- DATA RECORDS
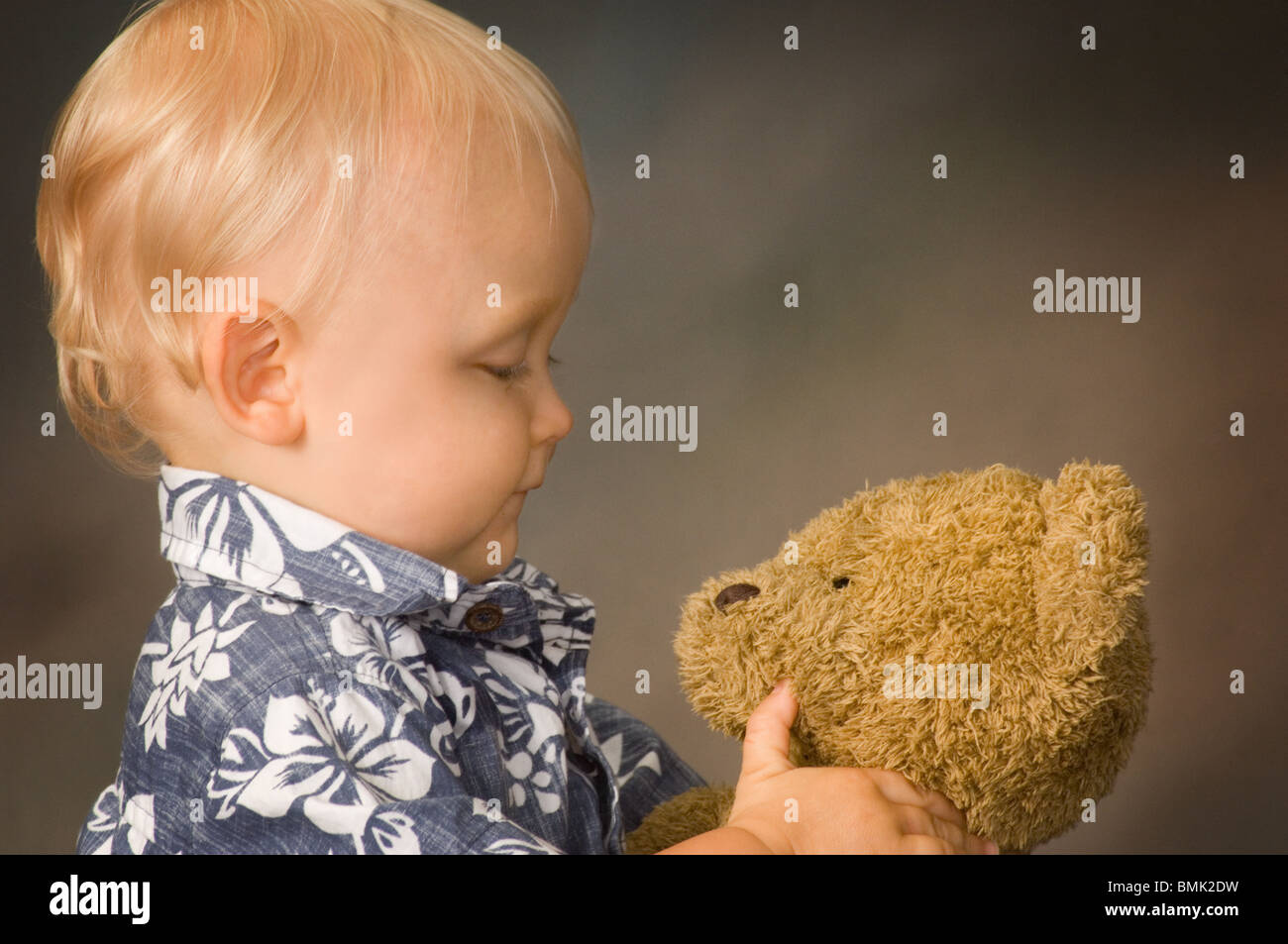 Close up of a baby boy holding his teddy bear Stock Photo - Alamy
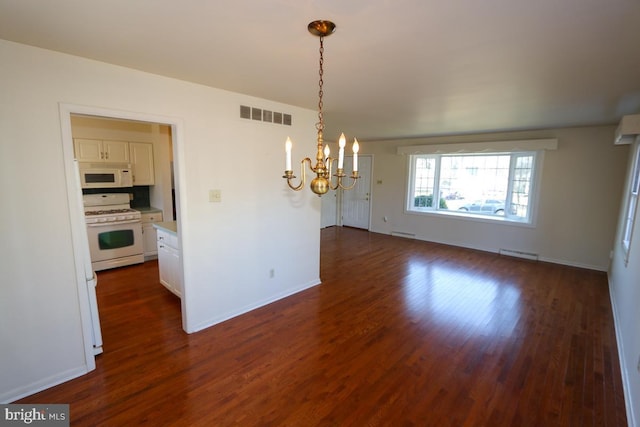 unfurnished dining area featuring visible vents, a baseboard heating unit, baseboards, a chandelier, and dark wood finished floors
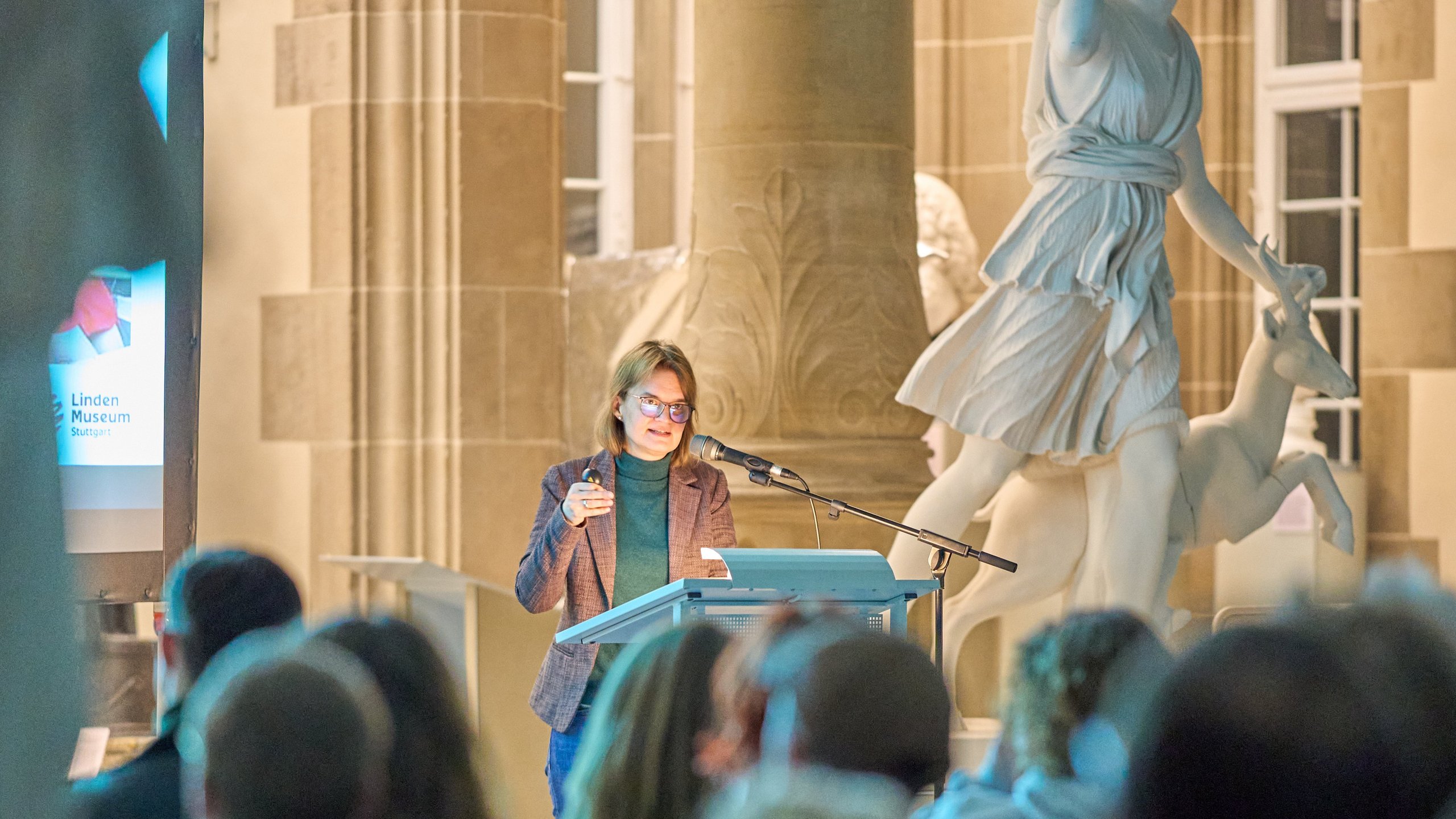 Dr Stephanie Walda-Mandel am Rednerpult der Eröffnung „Koloniale Schatten“ im Rittersaal; im Vordergrund Publikum von hinten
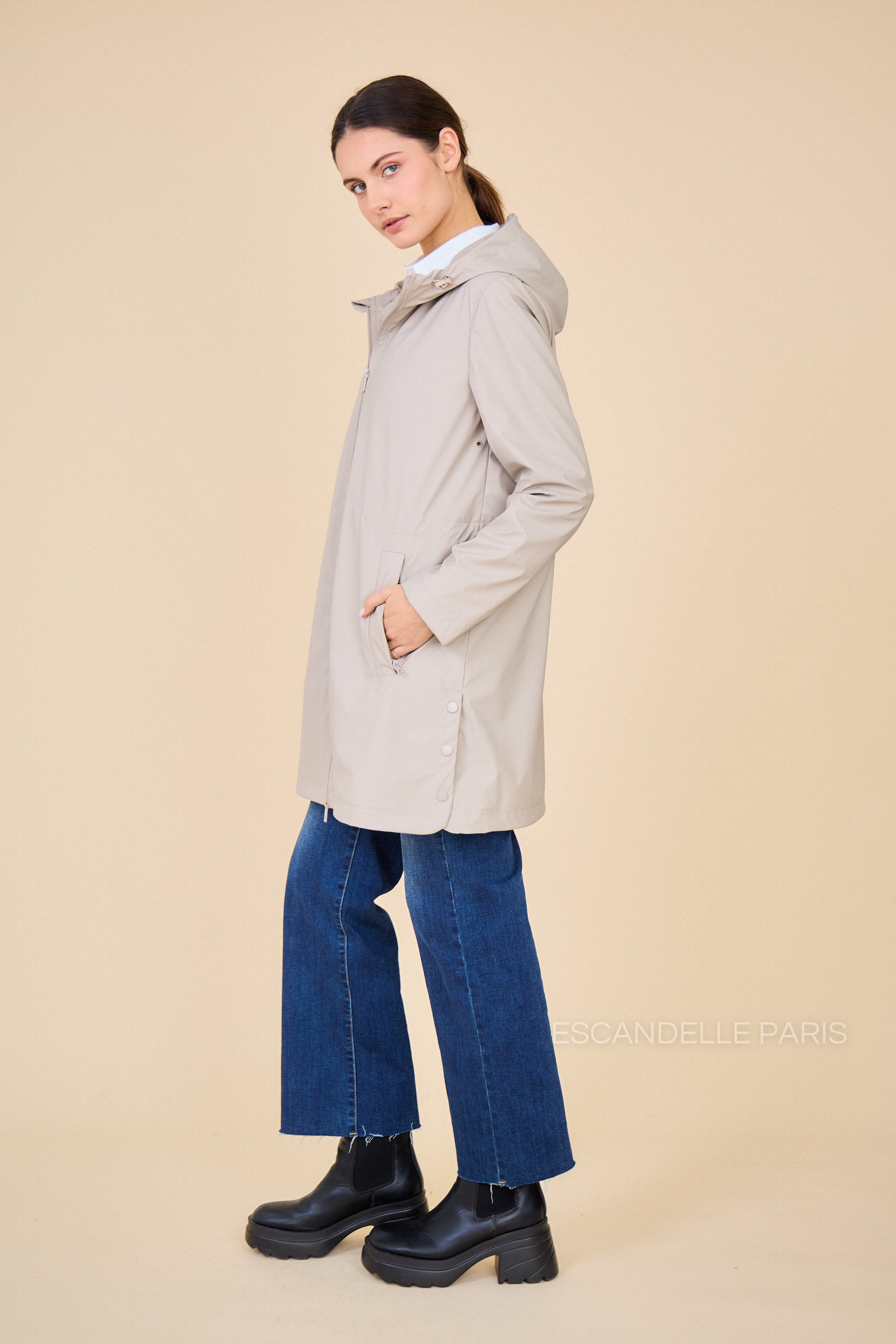 parka imperméable évasée avec élastique ajustable, côté. veste avec poches et capuche à cordon. Fente à boutons pressions sur les côtés #couleur_beige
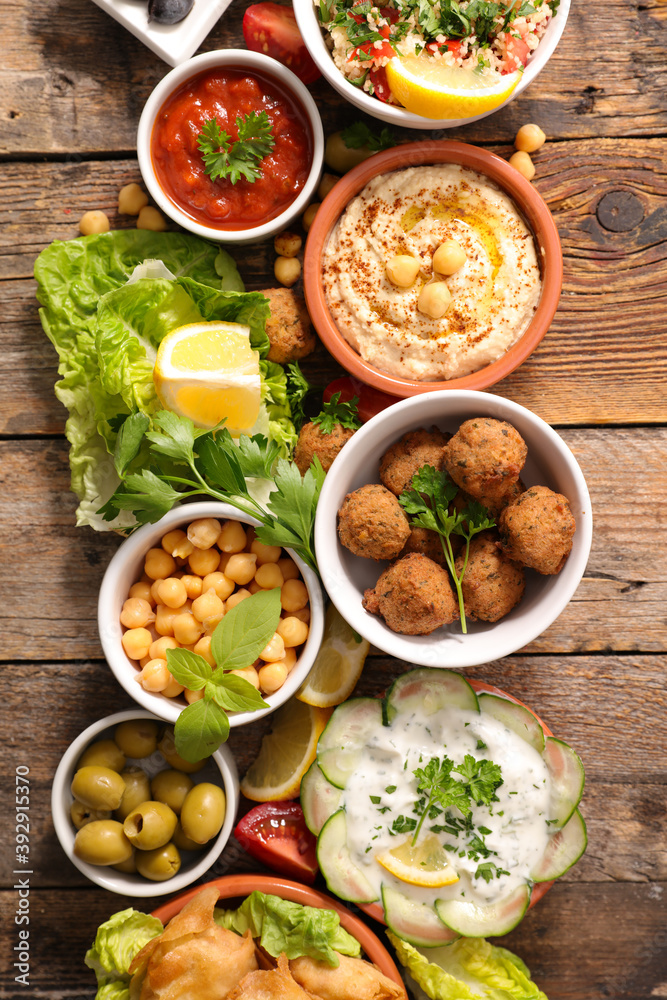 assortment of dish- hummus, falafel, pita bread, chickpea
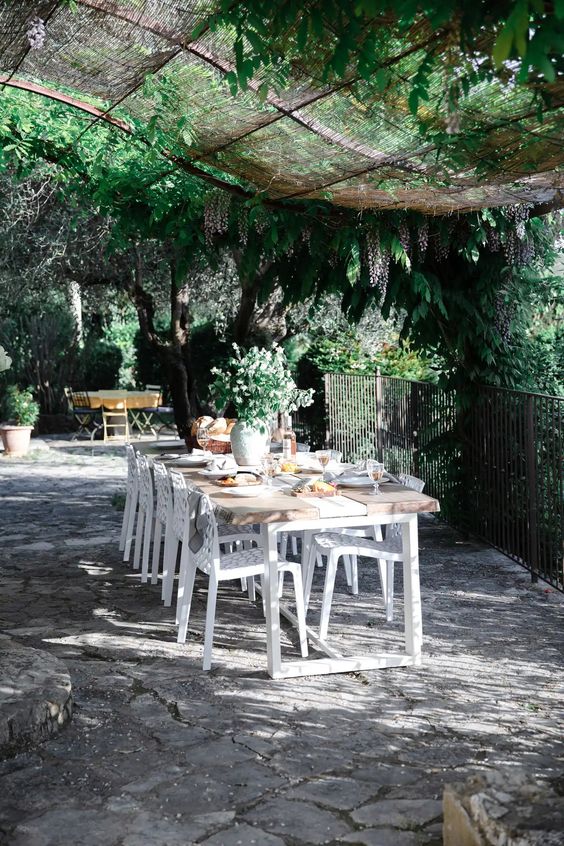 a Provence terrace with a roof with greenery, a metal and light-stained wood table and metal chairs, potted plants and blooms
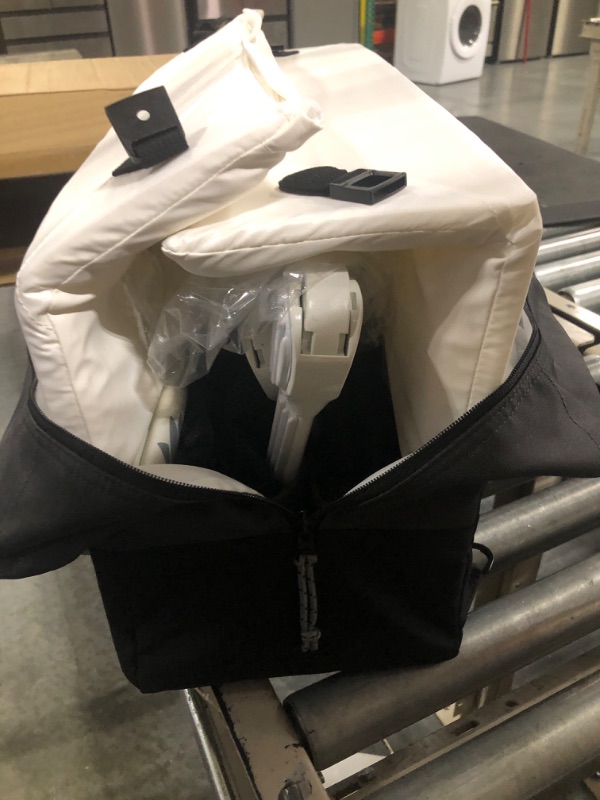 Photo 1 of Lotus Travel Crib - Backpack Portable, Lightweight, Easy to Pack Play-Yard with Comfortable Mattress - Certified Baby Safe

- INSTRUCTIONS FOR THE TASK
Output only the lines from the line that contains "unfurnished dining area" through the end of the material, both ends included, and skip every picture.

- EXPECTED ANSWER
 unfurnished dining area featuring visible vents, a baseboard heating unit, baseboards, a chandelier, and dark wood finished floors
 Dr Stephanie Walda-Mandel am Rednerpult der Eröffnung „Koloniale Schatten“ im Rittersaal; im Vordergrund Publikum von hinten
 parka imperméable évasée avec élastique ajustable, côté. veste avec poches et capuche à cordon. Fente à boutons pressions sur les côtés #couleur_beige
 assortment of dish- hummus, falafel, pita bread, chickpea
 a Provence terrace with a roof with greenery, a metal and light-stained wood table and metal chairs, potted plants and blooms
 Photo 1 of Lotus Travel Crib - Backpack Portable, Lightweight, Easy to Pack Play-Yard with Comfortable Mattress - Certified Baby Safe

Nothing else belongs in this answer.